Non per stare a terra.
E a ogni lezione con Caio e i suoi ragazzi, gli stratiotes, si rendeva sempre di più conto di quanto fosse importante per loro stare dannatamente attaccati con i piedi al terreno, e traevano forza da questo.
Lei non ci riusciva e questo la rendeva debole.
I suoi piedi restavano sospesi, non erano mai abbastanza fermi, abbastanza stabili.
Non aveva equilibrio e ogni caduta le ricordava che doveva rimanere con quei cavoli di piedi attaccati a terra.
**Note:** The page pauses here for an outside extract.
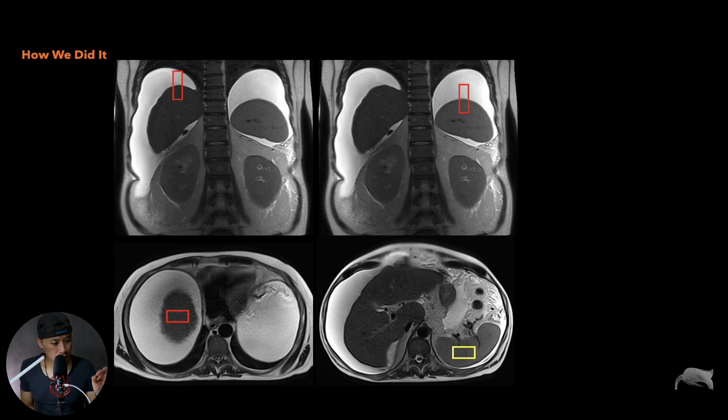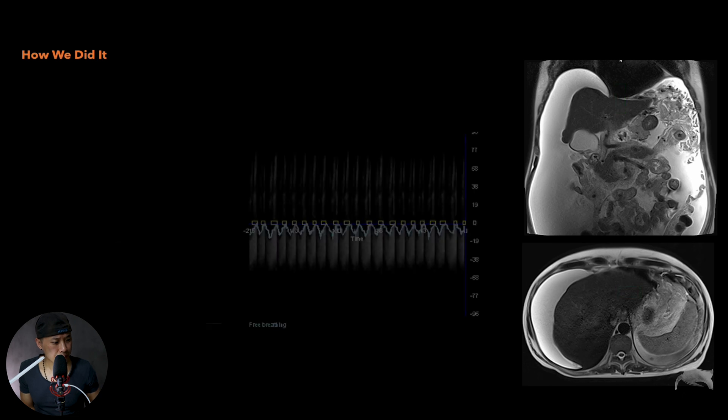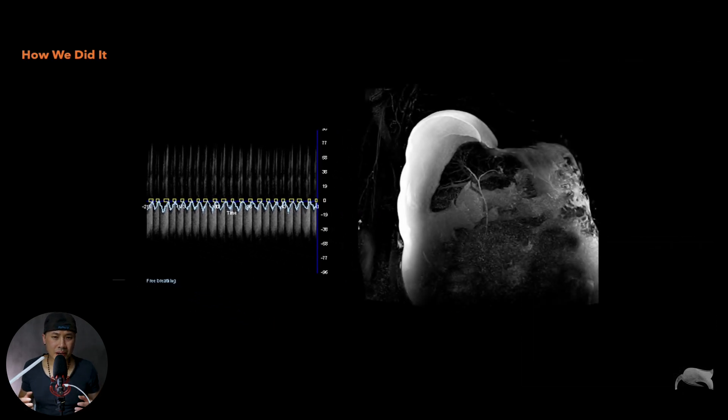However, on this case we did things a little differently. By scrolling up and down through the images, we noticed an area right here with no fluid — and it was consistent at the same point on multiple planes. So we placed the navigator there. It sounds very crazy, but believe me, it did work. The respiratory diagram showed consistent breathing curves, and the image results looked like this — not the best image, but we managed to solve the case. And that's the most important thing: solving the case in a difficult situation by thinking outside the box.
Non aveva più visto Aspera ma non faceva che rimembrare la sensazione di volare, di sentirsi libera.
Lei era destinata per quello.
Lo sentiva nel suo cuore che era un po' più leggero al solo pensiero.
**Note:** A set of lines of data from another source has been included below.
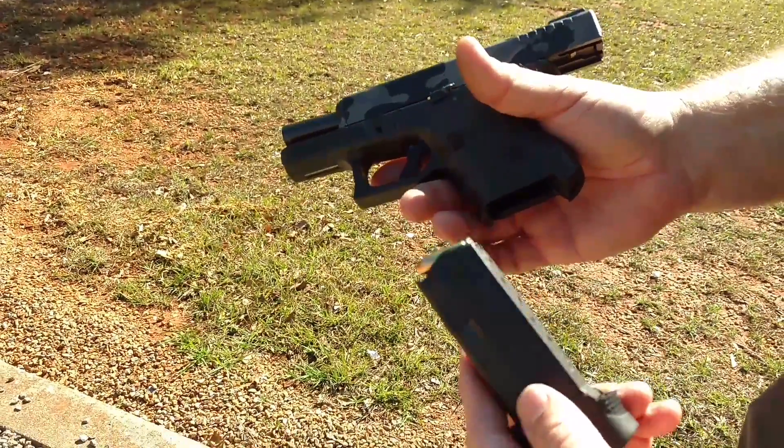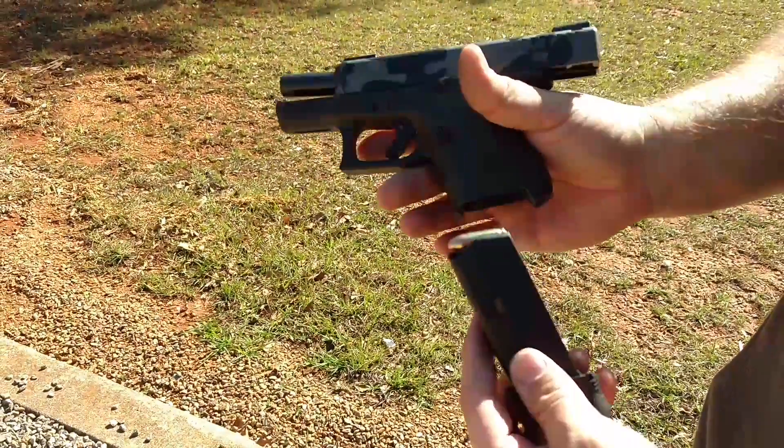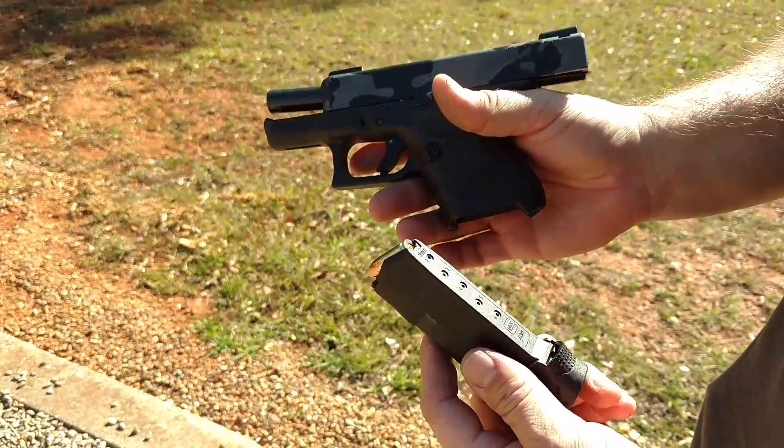Hi YouTube, I'm just going to show you that you can run a Glock 43 single stack magazine in a Glock 26 if you're ever in a pinch.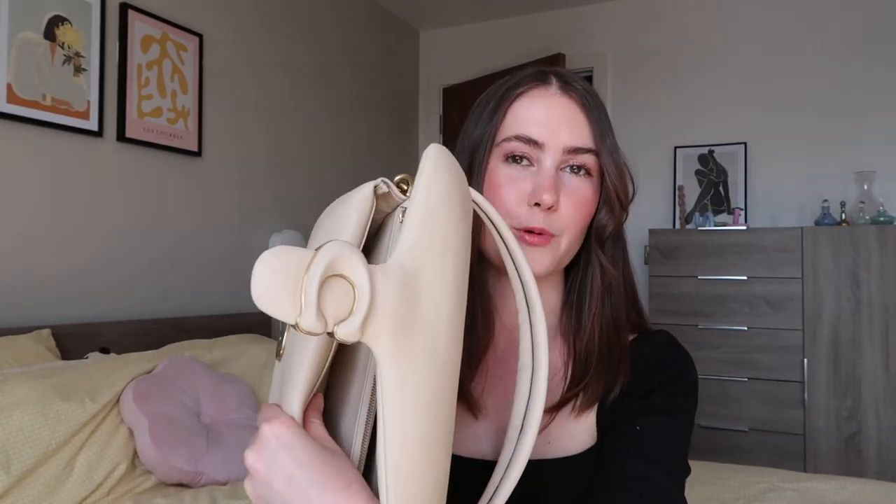Being the biggest size — size 26 — this definitely has a lot more room. I would say it's actually a very generous size bag, even though a lot of the bulk is made up by the squishy material. The smaller version for me just wouldn't have been big enough — I'd only be able to fit a small card holder, some keys, and a lipstick. Whereas with this one, I'm confident I can fit everything I want.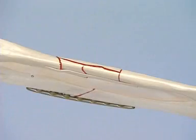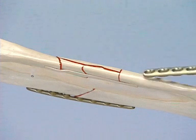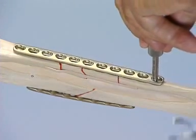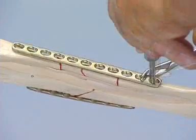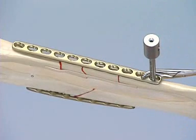Because of the intermuscular membrane between the radius and the ulna, an approximate reduction of the length and alignment of the ulna will have taken place during the fixation of the simpler radius fracture. As a rule, the plate does not have to be contoured to the straight shaft of the ulna. In the exercise, the plate is fixed to the distal main fragment with reduction forceps. In a clinical environment, the plate may be inserted subcutaneously with the help of the LCP drill sleeve, leaving the fracture area unexposed.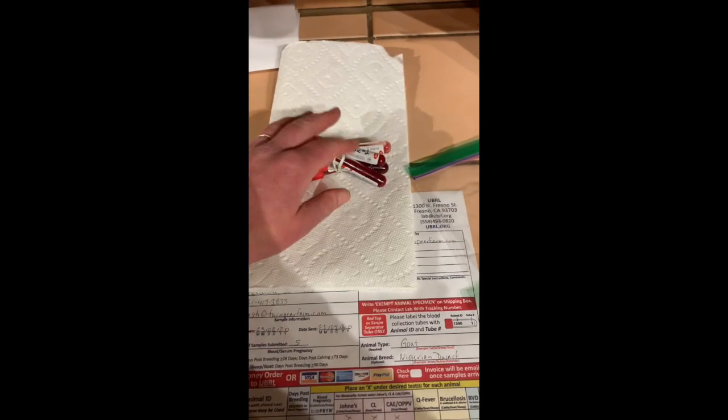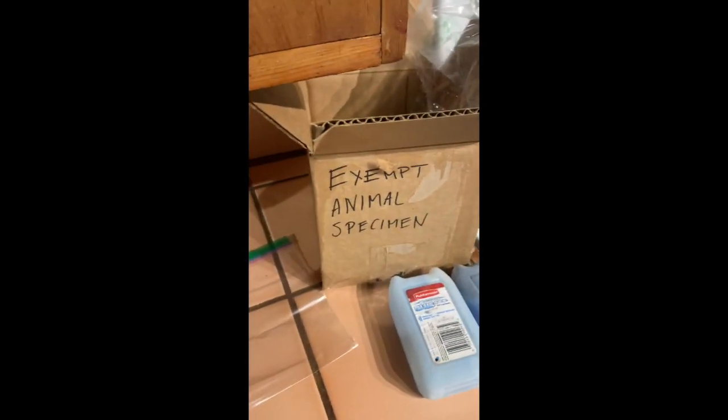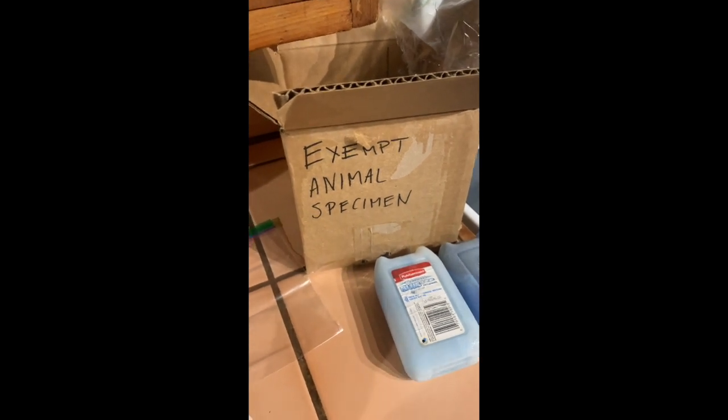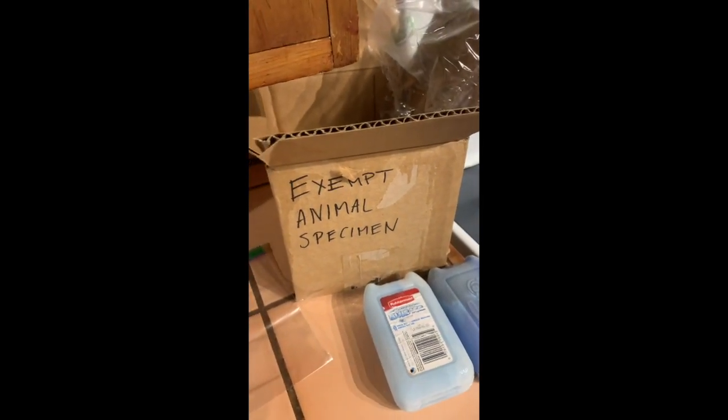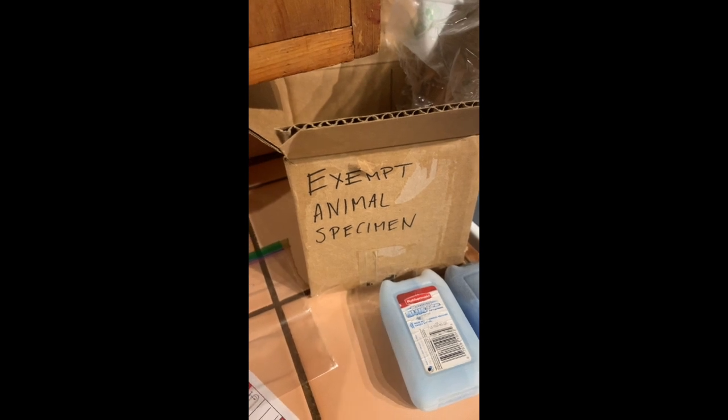We refrigerated them and now we are going to box them up as per our lab's requirements. We bundle up our vials in a rubber band, they get wrapped in paper towels or newspaper, and they go inside a plastic ziplock bag labeled biohazard. This is going into a box that says 'exempt animal specimen.' I put in some bubble wrap in there, and these samples — because we are doing biosecurity on these goats — need to go on ice.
Ma il fatto che amasse qualcosa o che sentisse che in qualche modo gli apparteneva non vuol dire che fosse ciò che doveva fare.
Volere e dovere non erano due cose che si corrispondevano.
E per quanto complicato doveva imparare ad accettare che adesso il suo posto era a terra.
E per cosa?
Perché se avesse imparato a stare a terra allora poi avrebbe potuto avere la libertà di volare.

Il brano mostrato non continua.